Abgrenzung zu Oö. PolStG:
Zum Wesen einer Ordnungsstörung iSd § 81 Abs. 1 SPG 1991 gehört, dass am konkreten Zustand der öffentlichen Ordnung durch das Verhalten des Beschuldigten eine Änderung eingetreten ist. Soweit die behauptete Störung der öffentlichen Ordnung nach § 81 Abs. 1 SPG 1991 aber in einem Verhalten besteht, das zweifelsfrei ausschließlich als Verletzung des öffentlichen Anstandes zu qualifizieren ist, und sich demgemäß die Störung der öffentlichen Ordnung in dieser Anstandsverletzung erschöpft, fehlt dem Bund die Kompetenz, ein solches Verhalten unter Strafe zu stellen. Ein derartiges Verhalten unterfällt daher – soweit es nicht überdies zu Störungen der öffentlichen Ordnung geführt hat, die über das durch die bloße Anstandsverletzung zwangsläufig verursachte Aufsehen hinausgeht – ausschließlich den nach landespolizeilichen Vorschriften bestehenden Strafbestimmungen hierüber (vgl. VwGH vom 15.09.2011, 2009/09/0154, mwN.).
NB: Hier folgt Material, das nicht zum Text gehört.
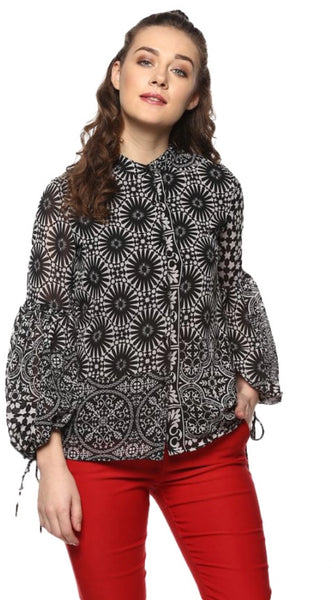 Mayawye Women's Polyester Printed Balloon Sleeve Top (Black - White)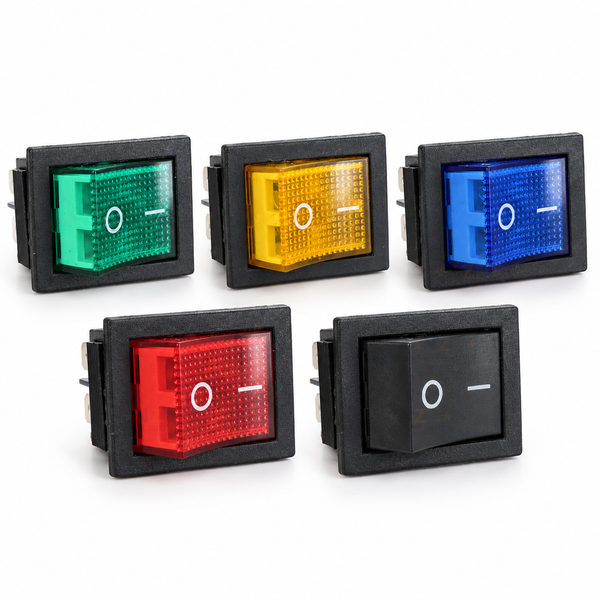 KCD4 rocker switch colour choices: green, yellow, blue, red and solid black; one switch supplied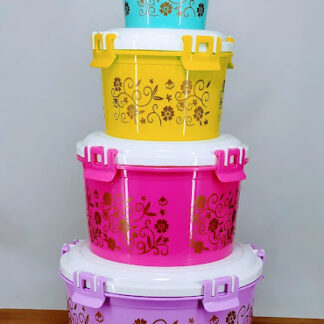 4 Pieces Storage Box (Fresh Box-NK-1723) Round Clip Lock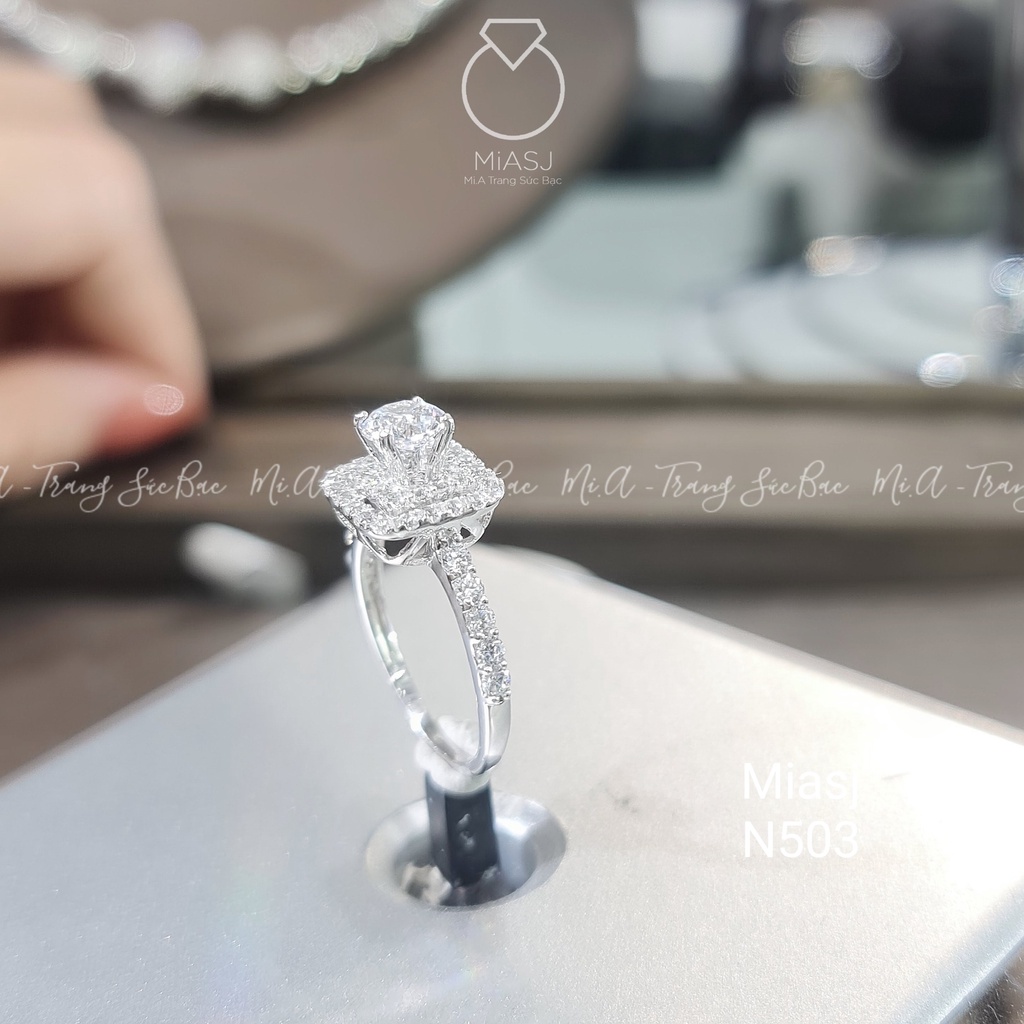 Nhẫn nữ bạc Ý S925 MiASJ nạm đá Cz cao cấp N503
Wahrung des öffentlichen Anstandes

Damit eine Anstandsverletzung als „öffentlich“ begangen anzusehen ist, genügt es nach dem Polizeistrafgesetz, dass sie nur von einer Person unmittelbar wahrnehmbar war, wenn die Möglichkeit bestand, dass die Handlung durch diesen einen Zeugen im Hinblick auf den mit der Tat verbundenen Belästigungseffekt auch einer anderen Person bekannt werden würde („Sukzessivöffentlichkeit“; vgl. VwGH vom 18.06.1984, 84/10/0023, mwN.).
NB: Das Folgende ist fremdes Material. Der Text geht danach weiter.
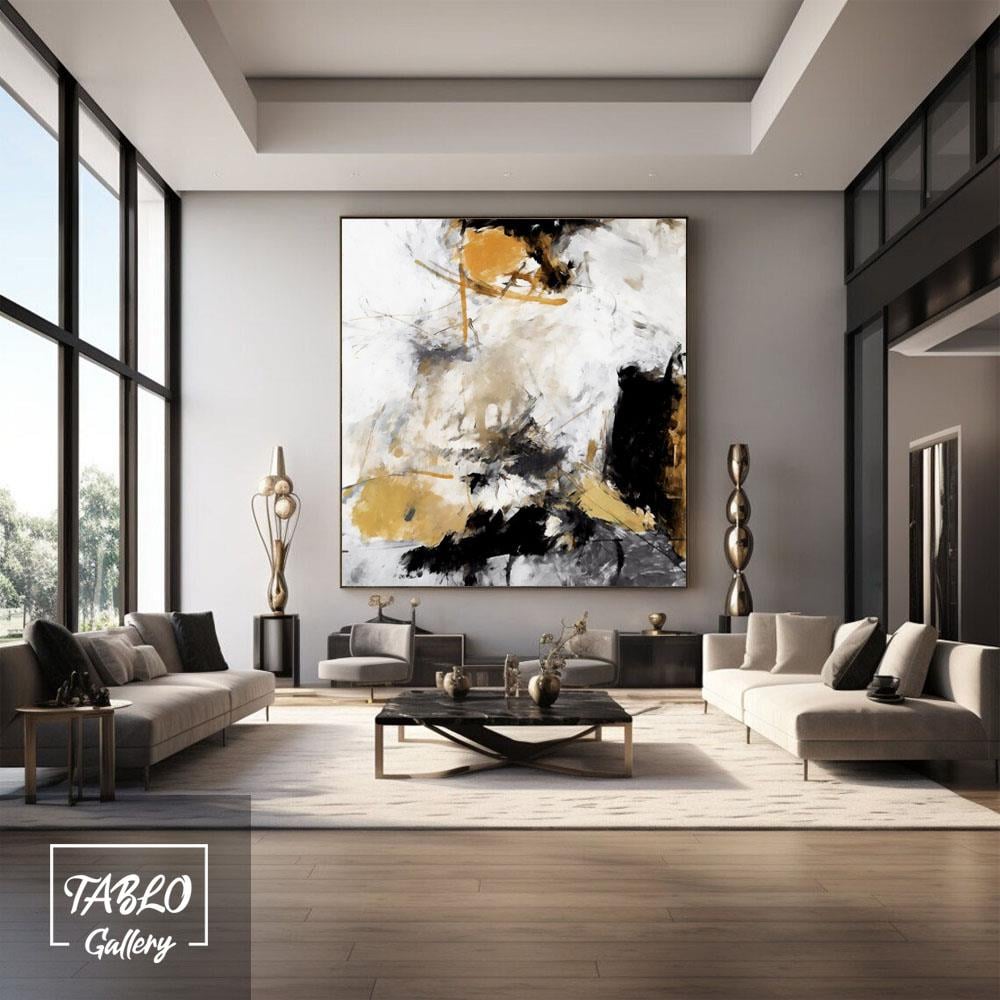 Siyah Beyaz Gold Gri Soyut Yağlı Boya Tablo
Nach der ständigen Rechtsprechung wird der Tatbestand der Verletzung des öffentlichen Anstandes durch ein Verhalten erfüllt, das mit den allgemeinen Grundsätzen der Schicklichkeit nicht im Einklang steht und das einen groben Verstoß gegen diejenigen Pflichten darstellt, die jedermann in der Öffentlichkeit zu beachten hat. Bei der Beurteilung der Verletzung jener Formen des äußeren Verhaltens, die nach Auffassung gesitteter Menschen der Würde des Menschen als sittlicher Person bei jedem Heraustreten aus dem Privatleben in die Öffentlichkeit entsprechen, ist ein objektiver Maßstab anzulegen (vgl VwSlg 11.077 A /1983; 13.342 A /1990; VwGH 4.9.1995, 94/10/0166).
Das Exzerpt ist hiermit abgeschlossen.